---- Data for review

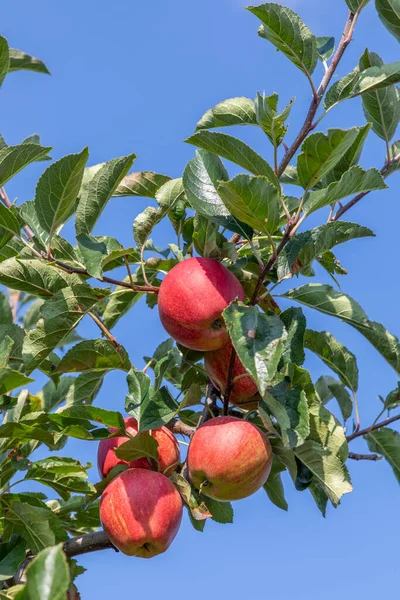 Manzana Madura Colgando Manzano Con Fondo Azul Del Cielo — Foto de Stock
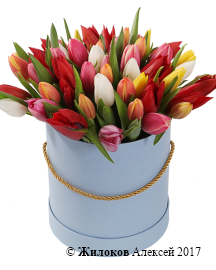 ����� 51 ������� ���� � ������� �������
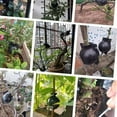 thumbnail image 5 of LLC 3pcs Plant Rooting Sphere Graft Rooting Growing Box Breeding Crate for Garden Plants, 5 of 5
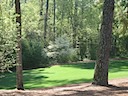 Hole 11 - White Dogwood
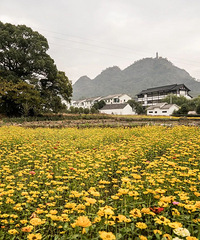 ��3A����֤��̨��5���ϰ�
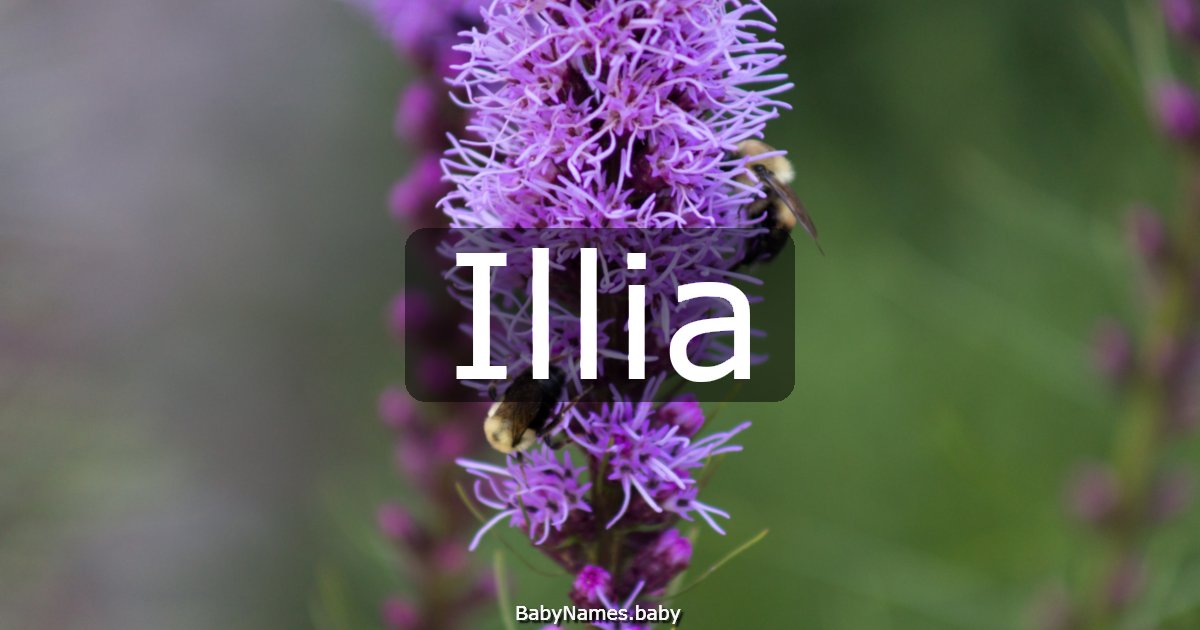 Illia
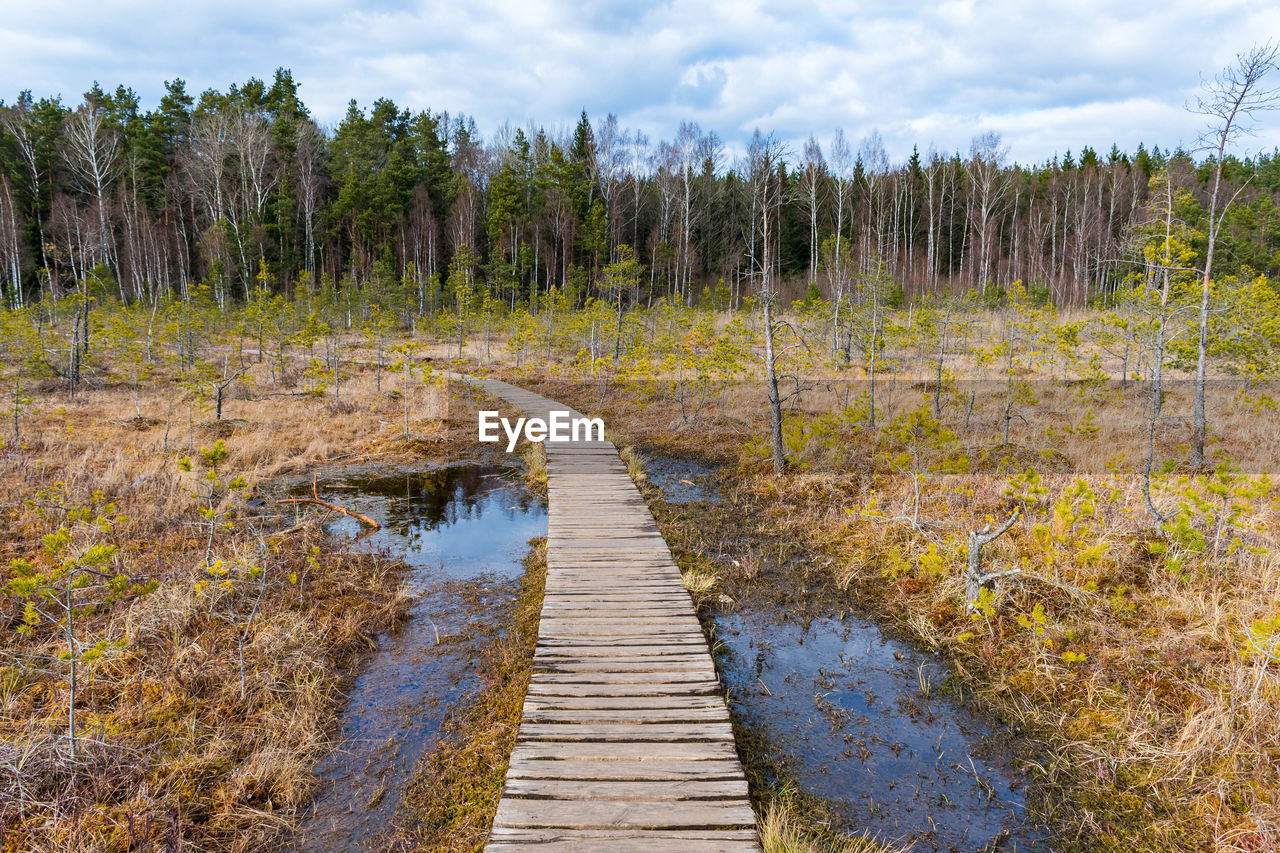 Scenic view of river in forest against sky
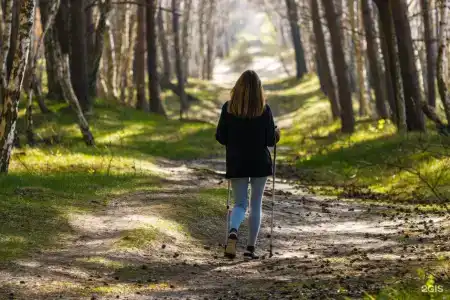 Маяковский - 41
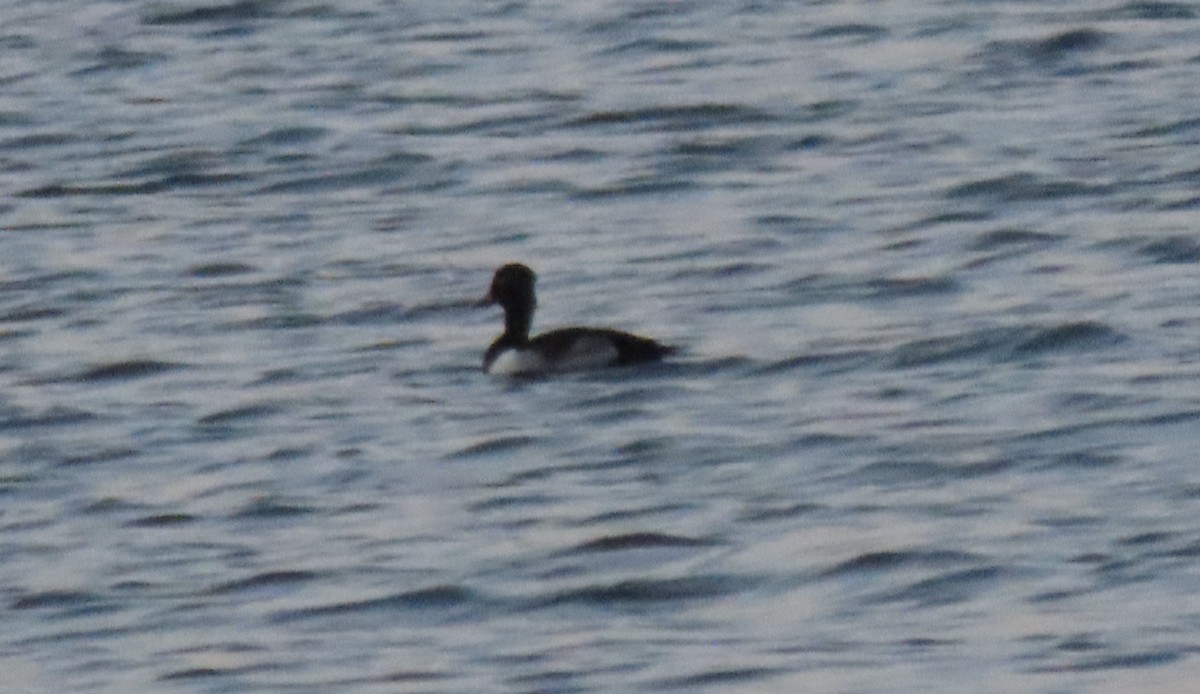 Ring-necked Duck - ML620555254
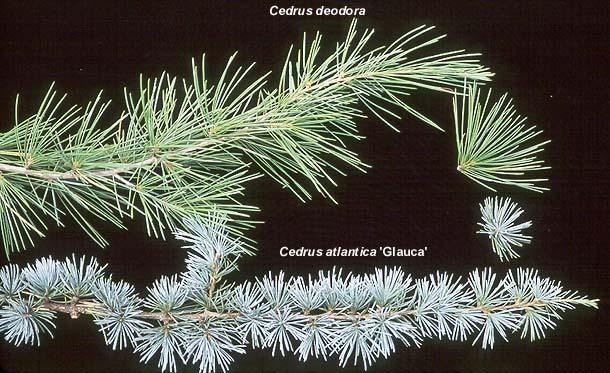 Cedrus Atlantica 'glauca' - View 12 from www redcrocus com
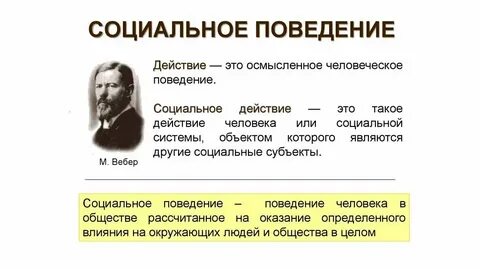Назовите субъекты социального поведения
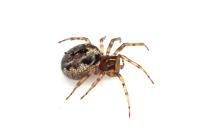 Enoplognatha mandibularis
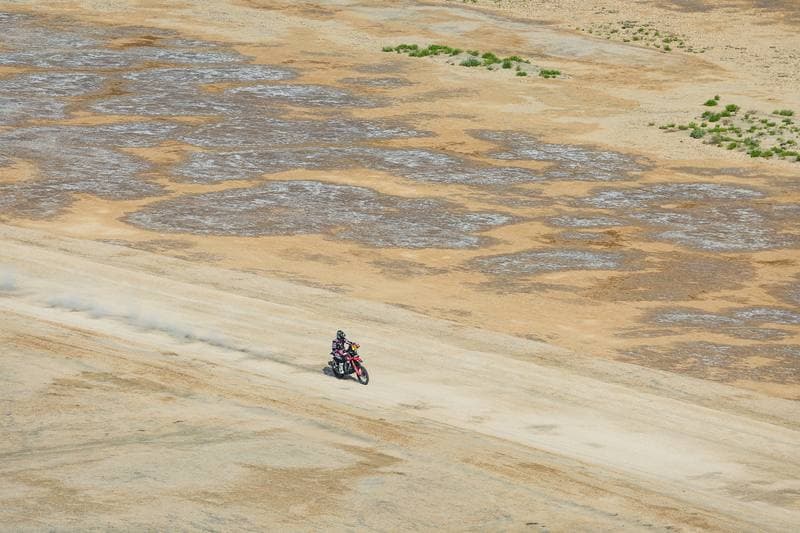 Motorsport. Dakar Rally. Stage 13. 17.01.2026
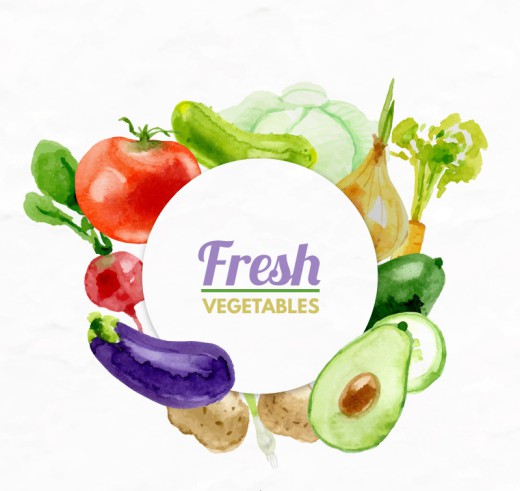水彩绘多种新鲜蔬菜矢量素材16图库网精选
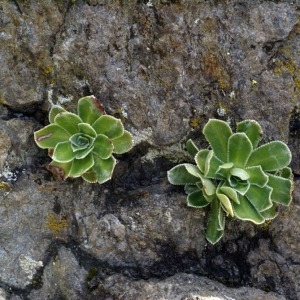 Photographie n°55267 du taxon Saxifraga cotyledon L. [1753]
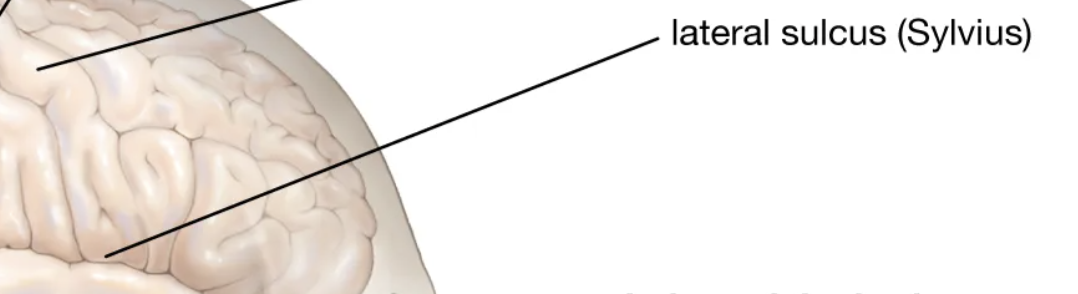 <p>Groove or elongated depression</p>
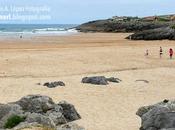 Playas Cantabria: Cuberris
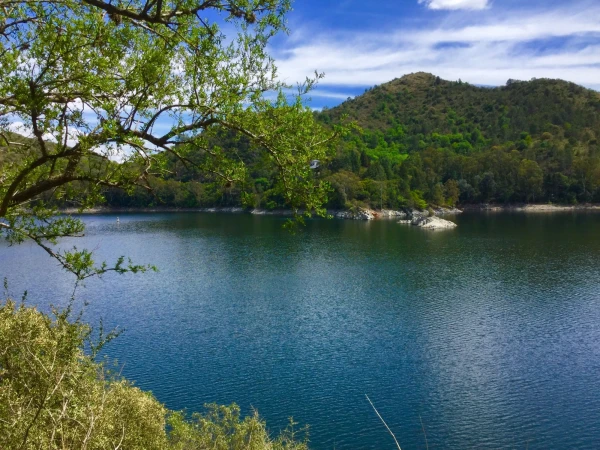 Lago Los Molinos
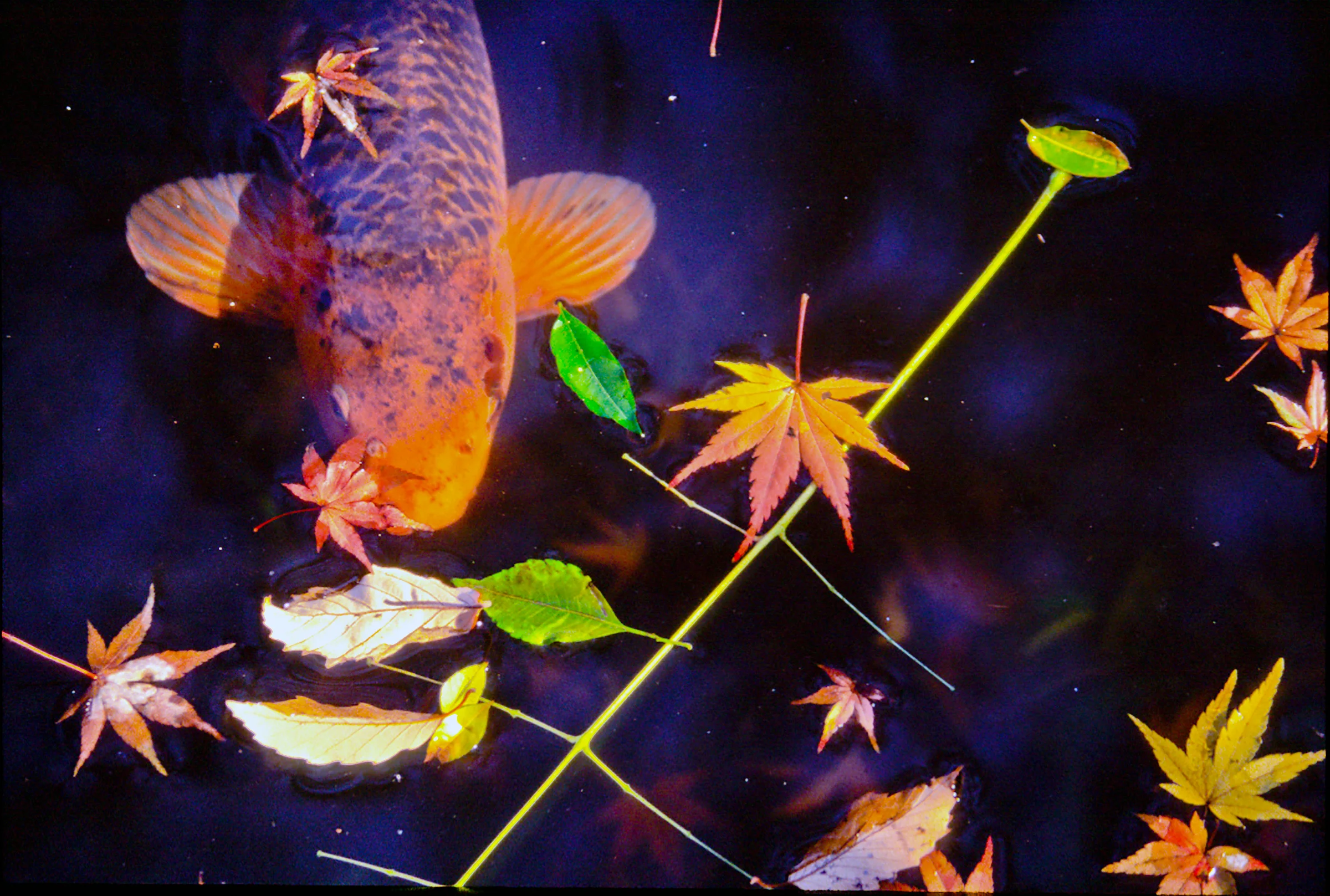 japanese carp-.jpg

--------

Work to complete => Write the data out again word for word; leave the pictures behind.

Task result =>
 Manzana Madura Colgando Manzano Con Fondo Azul Del Cielo — Foto de Stock
 ����� 51 ������� ���� � ������� �������
 thumbnail image 5 of LLC 3pcs Plant Rooting Sphere Graft Rooting Growing Box Breeding Crate for Garden Plants, 5 of 5
 Hole 11 - White Dogwood
 ��3A����֤��̨��5���ϰ�
 Illia
 Scenic view of river in forest against sky
 Маяковский - 41
 Ring-necked Duck - ML620555254
 Cedrus Atlantica 'glauca' - View 12 from www redcrocus com
Назовите субъекты социального поведения
 Enoplognatha mandibularis
 Motorsport. Dakar Rally. Stage 13. 17.01.2026
水彩绘多种新鲜蔬菜矢量素材16图库网精选
 Photographie n°55267 du taxon Saxifraga cotyledon L. [1753]
 <p>Groove or elongated depression</p>
 Playas Cantabria: Cuberris
 Lago Los Molinos
 japanese carp-.jpg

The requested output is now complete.